Left image, a graph of the experimental thermal conductivity data in which the vertical temperature gradient across the stack of Lego® bricks is plotted against the heat load. Right image, a cross-section of the Lego® brick connections showing the minimal contacting surfaces that lead to high thermal resistance. Both images are from Ref. 2, and they are licensed under the Creative Commons Attribution 4.0 International License.[2]

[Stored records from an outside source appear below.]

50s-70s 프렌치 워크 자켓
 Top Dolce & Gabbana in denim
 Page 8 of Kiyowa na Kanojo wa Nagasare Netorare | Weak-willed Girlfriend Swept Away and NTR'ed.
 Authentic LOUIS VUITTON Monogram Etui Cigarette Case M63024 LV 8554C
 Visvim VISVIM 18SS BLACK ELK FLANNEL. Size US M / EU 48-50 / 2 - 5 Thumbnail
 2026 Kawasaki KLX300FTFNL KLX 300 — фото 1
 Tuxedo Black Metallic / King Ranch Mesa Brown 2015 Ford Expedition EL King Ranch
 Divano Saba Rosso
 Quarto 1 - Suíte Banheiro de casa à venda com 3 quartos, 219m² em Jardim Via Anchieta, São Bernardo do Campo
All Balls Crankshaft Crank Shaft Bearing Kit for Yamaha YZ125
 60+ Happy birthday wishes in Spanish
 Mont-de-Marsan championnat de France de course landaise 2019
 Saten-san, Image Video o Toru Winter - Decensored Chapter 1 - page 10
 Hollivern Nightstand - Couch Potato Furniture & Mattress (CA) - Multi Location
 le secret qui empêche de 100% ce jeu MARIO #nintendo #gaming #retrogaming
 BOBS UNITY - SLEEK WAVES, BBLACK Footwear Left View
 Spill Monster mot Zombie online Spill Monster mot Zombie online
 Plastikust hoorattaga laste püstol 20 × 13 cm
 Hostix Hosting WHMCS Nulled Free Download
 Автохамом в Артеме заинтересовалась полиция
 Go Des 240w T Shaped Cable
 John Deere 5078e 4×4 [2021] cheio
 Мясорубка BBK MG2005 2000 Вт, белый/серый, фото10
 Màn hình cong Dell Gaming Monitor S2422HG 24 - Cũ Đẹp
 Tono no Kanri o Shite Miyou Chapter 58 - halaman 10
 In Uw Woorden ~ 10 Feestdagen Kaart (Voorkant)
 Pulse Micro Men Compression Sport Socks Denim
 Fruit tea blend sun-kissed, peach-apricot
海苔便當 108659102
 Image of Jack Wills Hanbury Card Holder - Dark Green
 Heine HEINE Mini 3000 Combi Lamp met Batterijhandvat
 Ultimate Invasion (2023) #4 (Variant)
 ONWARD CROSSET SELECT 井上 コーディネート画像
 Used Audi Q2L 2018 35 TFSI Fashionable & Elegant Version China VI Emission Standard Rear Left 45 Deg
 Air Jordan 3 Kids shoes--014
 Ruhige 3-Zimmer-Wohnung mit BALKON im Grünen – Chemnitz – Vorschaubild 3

As Dmitry Zmeev, a lecturer and EPSRC Research Fellow at Lancaster University who led the research team, explains,
"Our results are significant because we found that the clamping arrangement between the LEGO® blocks causes the LEGO® structures to behave as an extremely good thermal insulator at cryogenic temperatures... This is very desirable for construction materials used for the design of future scientific equipment like dilution refrigerators." [3]
The Lancaster team's next step is to design, 3D print, and test an improved thermal insulator for dilution refrigerators.[3]

References:

  1. William J. Brindley and Robert A. Miller, "Thermal Barrier Coating Evaluation Needs," NASA Technical Memorandum 103708, Lewis Research Center (Cleveland, Ohio, 1990), Prepared for the Conference on Nondestructive Evaluation of Modern Ceramics, Columbus, Ohio, July 9-12, 1990 (PDF File).
  2. J. M. A. Chawner, A. T. Jones, M. T. Noble, G. R. Pickett, V. Tsepelin, and D. E. Zmeev, "LEGO® Block Structures as a Sub-Kelvin Thermal Insulator," Scientific Reports, vol. 9, article no. 19642, December 23, 2019, doi:10.1038/s41598-019-55616-7. This is an open access article with a PDF file here.
  3. The coolest LEGO® in the Universe, Lancaster University Press Release, December 23, 2019.
  4. The World's Coolest LEGO Set, Lancaster University YouTube Video, December 23, 2019.
  5. Ruth Alexander, "How tall can a Lego tower get?" BBC News, December 4, 2012.